There is a listening exercise that I like to do frequently, anywhere. I ask myself, What is the farthest sound that I can hear? The longer I take, the farther sounds appear and define my auditory horizon. Then, what is the faintest sound that I can hear? Listen to the place as one voice; take it all in. After doing that, ask yourself how you feel. As you practice this listening exercise in different places around the world—this solar-powered jukebox—you become more sensitive to, and discerning about, what your body, mind, and spirit are telling you. You form a very strong sense of belonging, like home, to certain places. Not surprisingly, those will likely be places where you would be able to survive. Silence has a voice.

If you want to become a better listener, simply let the sound in. Don’t filter out what’s important, what’s not important. Each place has a voice. Listen to your feelings. Don’t try to describe or analyze them. Just notice what it is that you feel.
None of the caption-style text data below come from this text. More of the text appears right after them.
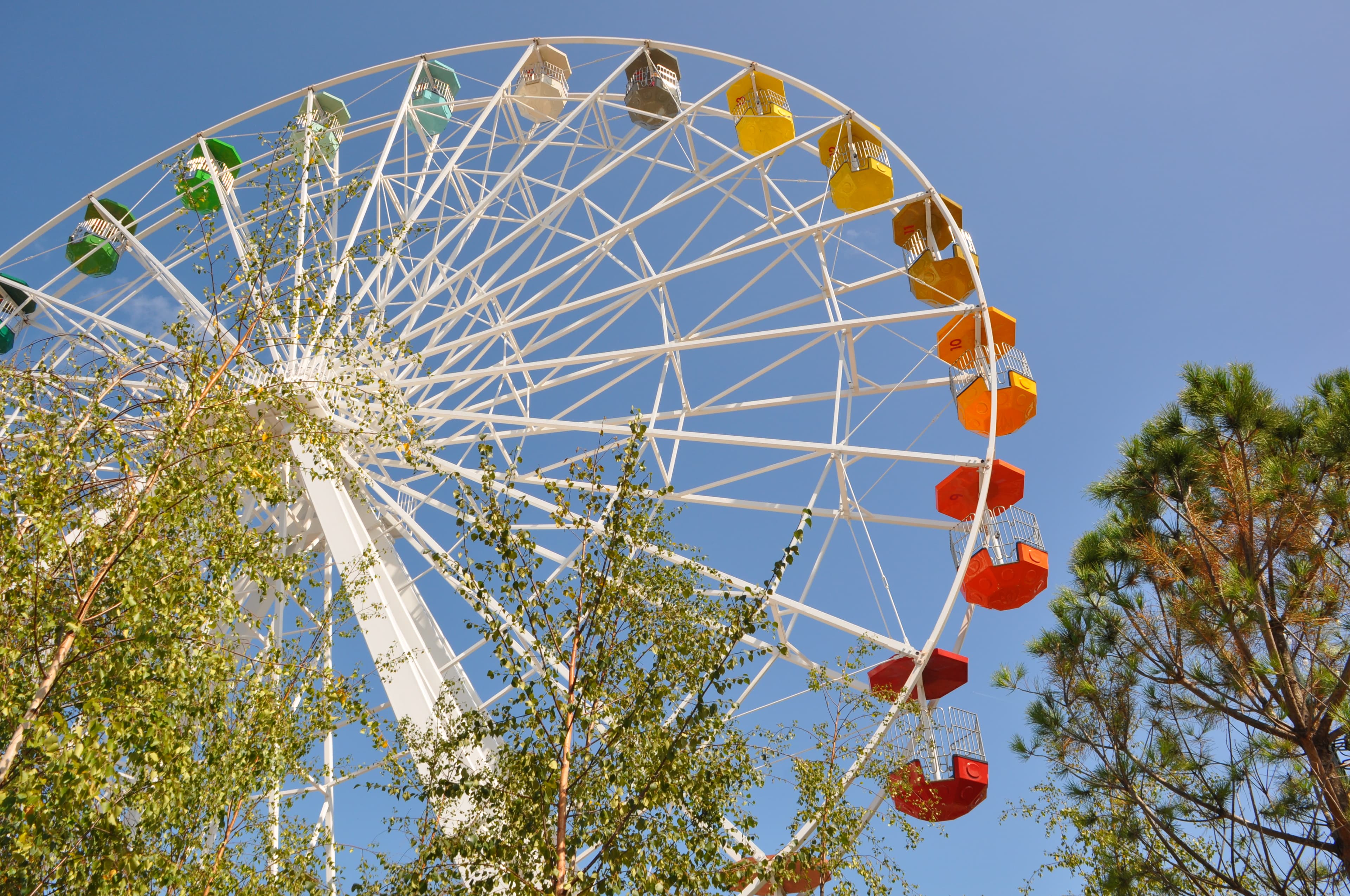 Dreamland - Photo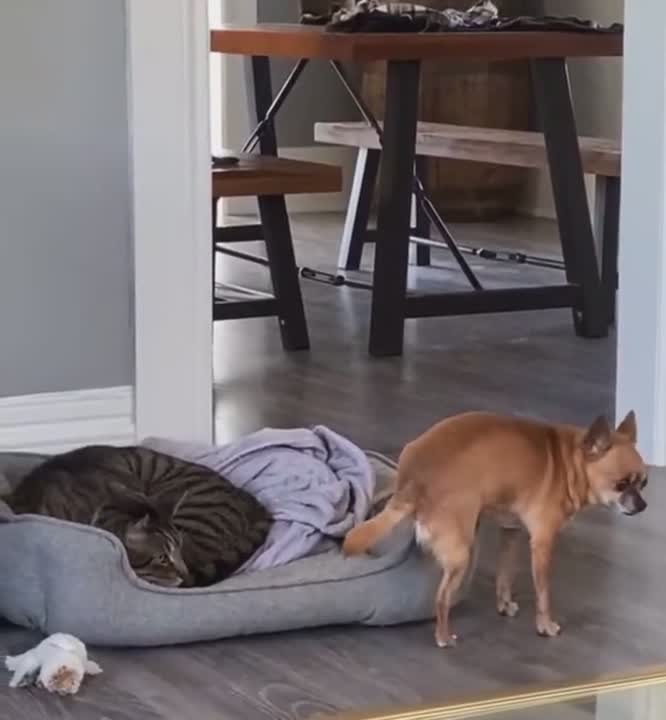 Un chien tente de s'incruster dans le panier d'un chat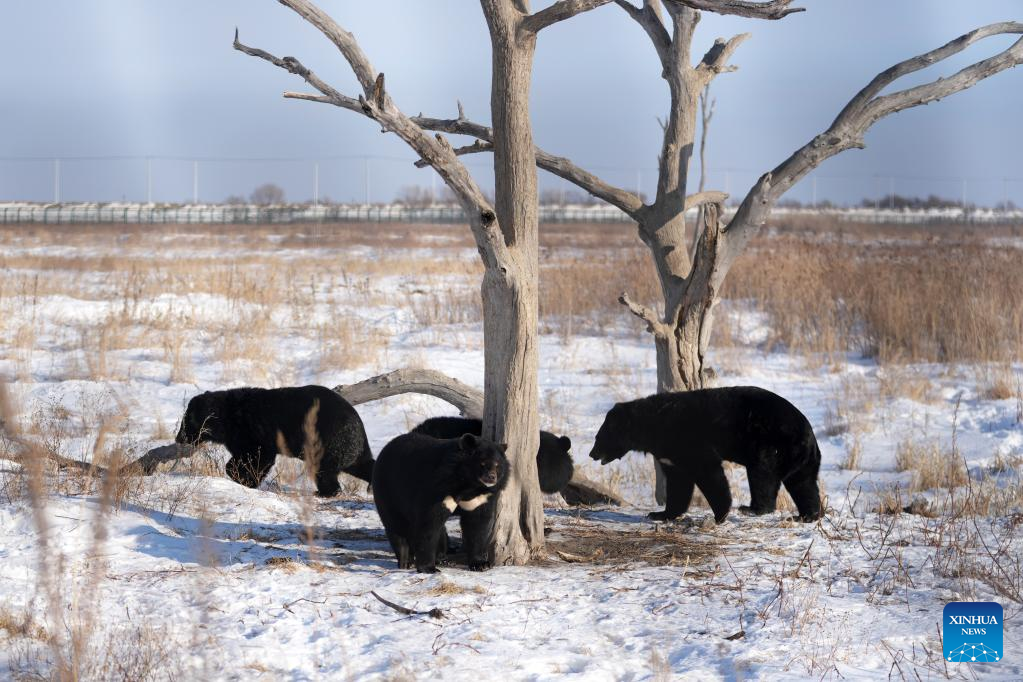 Black bears seen in Fuyuan, NE China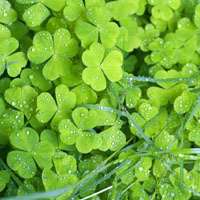 春天大自然风景头像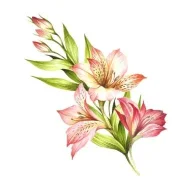 Лунария
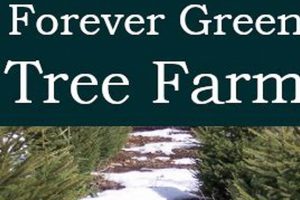 Forever Green Tree Farm: Your Eco-Friendly Trees | The Conscious Farmer | Sustainable Agriculture for a Healthier Planet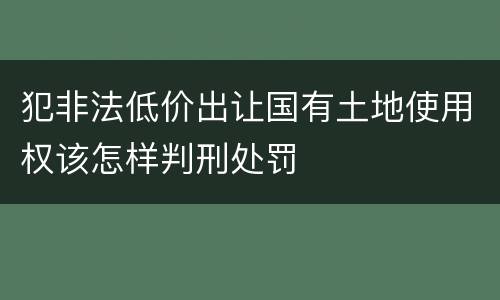 犯非法低价出让国有土地使用权该怎样判刑处罚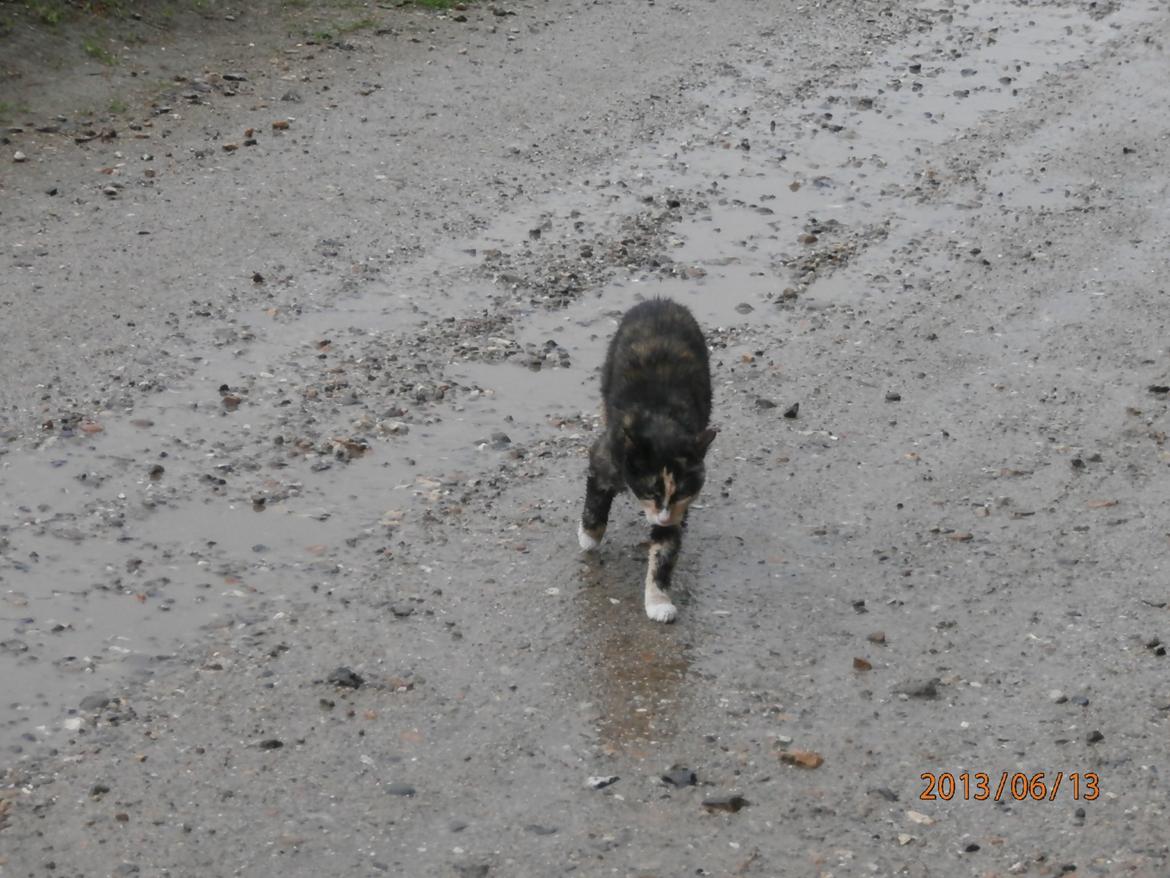 Huskat Sille billede 16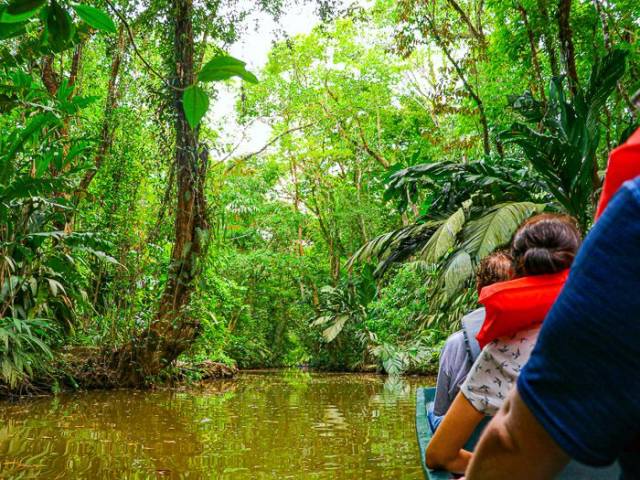 Regenwald Tortuguero |  Mathias Trojahn / Chamleon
Quiet has been on a road to extinction without us even hearing it. We don’t need the information. We need the belief. That’s one more reason to go to a wilderness area and listen—truly listen—particularly two hours before sunrise to one hour after sunrise, because sound propagates so extremely well then. It results in an international phenomenon called the ‘dawn chorus’: The birds awaken and begin to sing. It’s absolutely beautiful. Dawn is a global tune that has continued to evolve, and its composition with the evolution of life itself. You can listen to it at any latitude. In that, you hear so much expression of how much sunlight occurs, whether the forest itself is highly evolved. You get to hear when it’s a windblown soundscape, such as the prairie and open areas in the desert. Recording the global dawn chorus—and global sunrise, as I call it—has been my greatest life’s work.

When I go to a quiet place in nature, I bring the most difficult questions that I have in life. I write them down. When you’re quiet, open up that piece of paper and read the question. The quiet will answer it. It won’t answer in words and answers, but in a feeling. That very first impression is the truth—your truth.”